Personal information
- Full name: Samar Amer Ibrahim Hamza
- Born: 4 April 1995 (age 31)

Sport
- Country: Egypt
- Sport: Freestyle wrestling
- Weight class: 76 kg

Medal record
Women's freestyle wrestling
Representing Egypt
World Championships
| Silver medal – second place | 2022 Belgrade | 76 kg |
| Bronze medal – third place | 2021 Oslo | 76 kg |
African Championships
| Gold medal – first place | 2016 Alexandria | 76 kg |
| Gold medal – first place | 2018 Port Harcourt | 76 kg |
| Gold medal – first place | 2019 Hammamet | 76 kg |
| Gold medal – first place | 2020 Algiers | 76 kg |
| Gold medal – first place | 2022 El Jadida | 76 kg |
| Gold medal – first place | 2023 Hammamet | 76 kg |
African Games
| Bronze medal – third place | 2019 Rabat | 68 kg |
| Bronze medal – third place | 2023 Accra | 76 kg |
Islamic Solidarity Games
| Bronze medal – third place | 2025 Riyadh | 76 kg |
Mediterranean Games
| Gold medal – first place | 2026 Taranto | 76 kg |
| Bronze medal – third place | 2018 Tarragona | 76 kg |
| Bronze medal – third place | 2022 Oran | 76 kg |

= Samar Amer =

Egyptian freestyle wrestler

Samar Amer (born 4 April 1995) is an Egyptian freestyle wrestler. She won the silver medal in the women's 76 kg event at the 2022 World Wrestling Championships held in Belgrade, Serbia. She became the first woman representing Egypt to reach a final at the World Wrestling Championships.

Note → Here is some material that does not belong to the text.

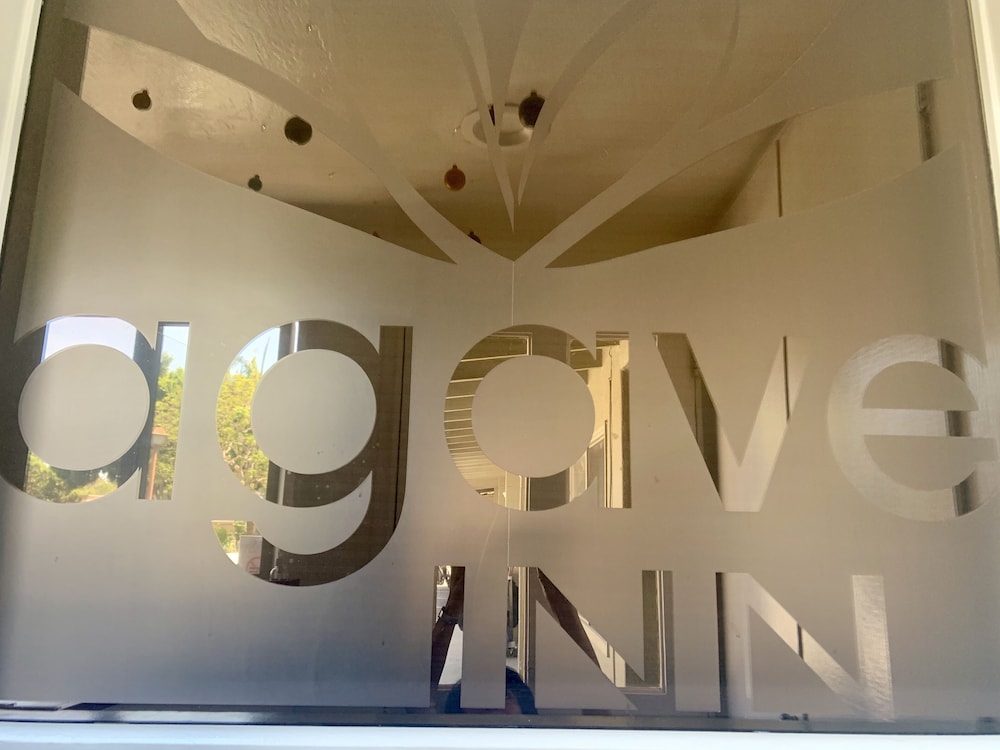 Agave Inn 5/45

Amer competed at the 2016 Summer Olympics in Rio de Janeiro, Brazil, and the 2020 Summer Olympics in Tokyo, Japan.

== Career ==

In 2016, Amer competed in the women's freestyle 75 kg event at the 2016 Summer Olympics, in which she was eliminated in the round of 32 by Ekaterina Bukina.

In 2021, Amer won the silver medal in the 76 kg event at the Matteo Pellicone Ranking Series 2021 held in Rome, Italy. She qualified at the 2021 African & Oceania Wrestling Olympic Qualification Tournament to represent Egypt at the 2020 Summer Olympics in Tokyo, Japan. She competed in the women's freestyle 76 kg event. She won one of the bronze medals in the women's 76 kg event at the 2021 World Wrestling Championships held in Oslo, Norway.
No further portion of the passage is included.